Route information
- Length: 10.2 km (6.3 mi)

Major junctions
- South end: Manila
- Metro Manila Skyway Stage 3
- North end: N170 (Commonwealth Avenue)

Location
- Country: Philippines
- Regions: Metro Manila
- Major cities: Quezon City

Highway system
- Roads in the Philippines; Highways; Expressways List; ;

= R-7 Expressway (Philippines) =

Road in the Philippines

The R-7 Expressway is a proposed expressway in Quezon City, Metro Manila, Philippines. Originally proposed in 1993, the project will be constructed over the most heavily congested corridors in Metro Manila, namely Quezon Avenue and Commonwealth Avenue.

== Route ==

=== 1993 JICA study ===
In 1993, the Japan International Cooperation Agency (JICA) performed a study on urban expressways in Metro Manila, which included the R-7 route extending from C-3 to Batasan, covering a distance of approximately 12.3 km and utilizing a combination of elevated, tunnel, and at-grade sections.

=== 1999 MMUTIS proposal ===
In 1999, JICA proposed the construction of a 13.5 km six-lane elevated expressway along Quezon Avenue. In the Metro Manila Urban Transport Integrated Study proposal, it will be extended toward the east and connected to C-6 to serve traffic demand between Manila CBD and Marikina. The plan was also to include a design that would parallel with the then-proposed 1990s plan of the LRT Line 4 (planned by the French consortium since 1995), according to the designs.

=== 2010 proposal ===
The alignment was to have 16.1 km of route, and the project will be constructed over one of the most heavily congested corridors in Metro Manila, namely Quezon Avenue and Don Mariano Marcos Avenue. It will be partially elevated and partially underground expressway. The expressway will connect Quezon City and Manila with a high-speed transport facility, thus decongesting traffic on at-grade roads. The project is believed to cost PhP 23.980 billion (US$532.89 million). However, the project was not included in the priority projects list under the administration of Benigno Aquino III.

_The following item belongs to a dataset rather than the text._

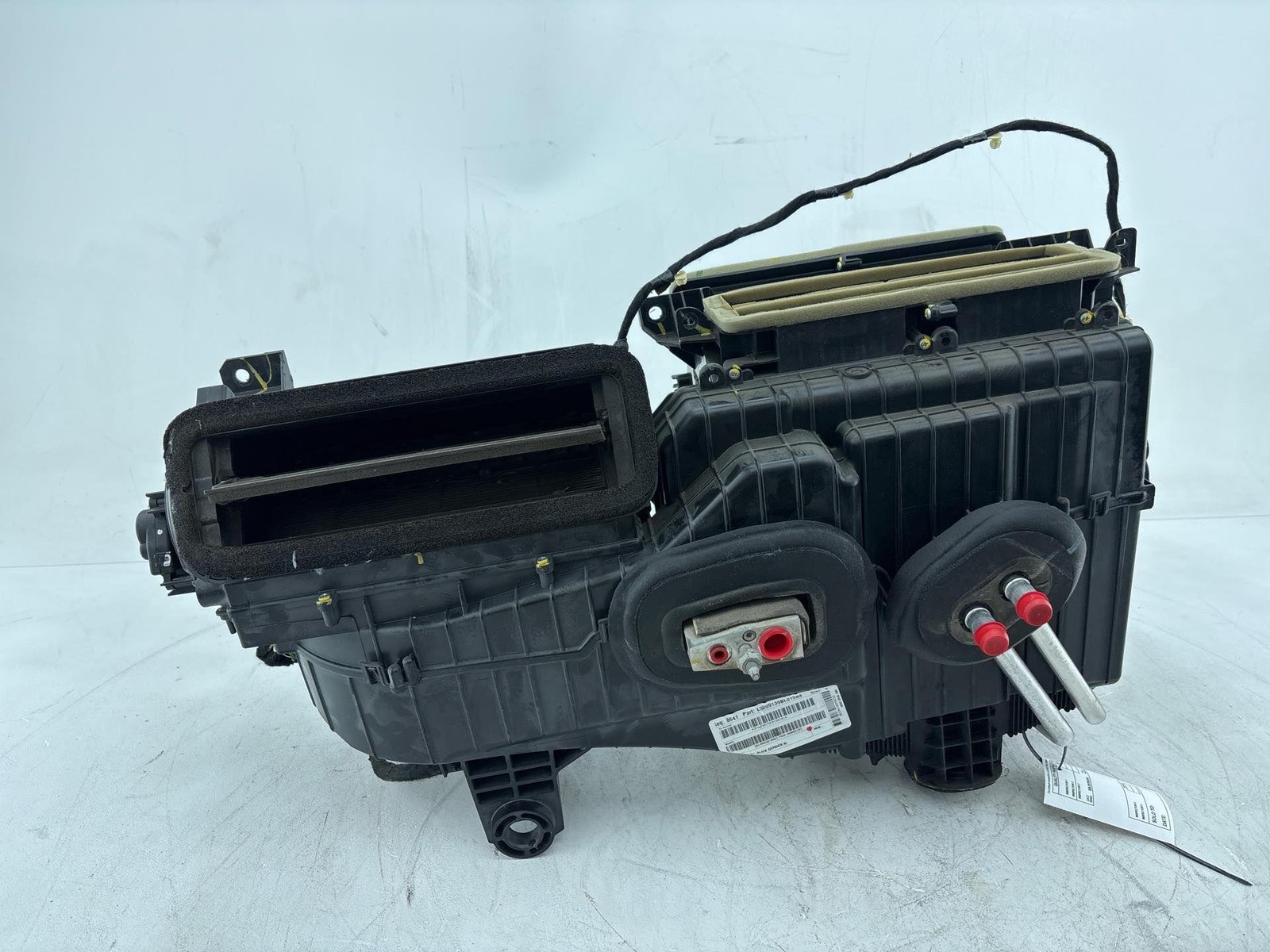 2013 - 2020 Ford Fusion Hvac A/C Heater Blower Housing Box Case Oem Hs7H19B555Cl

=== 2014 and 2019 JICA studies ===
In 2014, under the Roadmap for Transport Infrastructure Development for Metro Manila and Its Surrounding Areas (Region III & Region IV-A; also known as the Metro Manila Dream Plan), the JICA study proposes a dual 2-lane elevated expressway with a length of 10.2 km between Manila and Tandang Sora Avenue. A proposal was mentioned again in the 2019 follow-up report.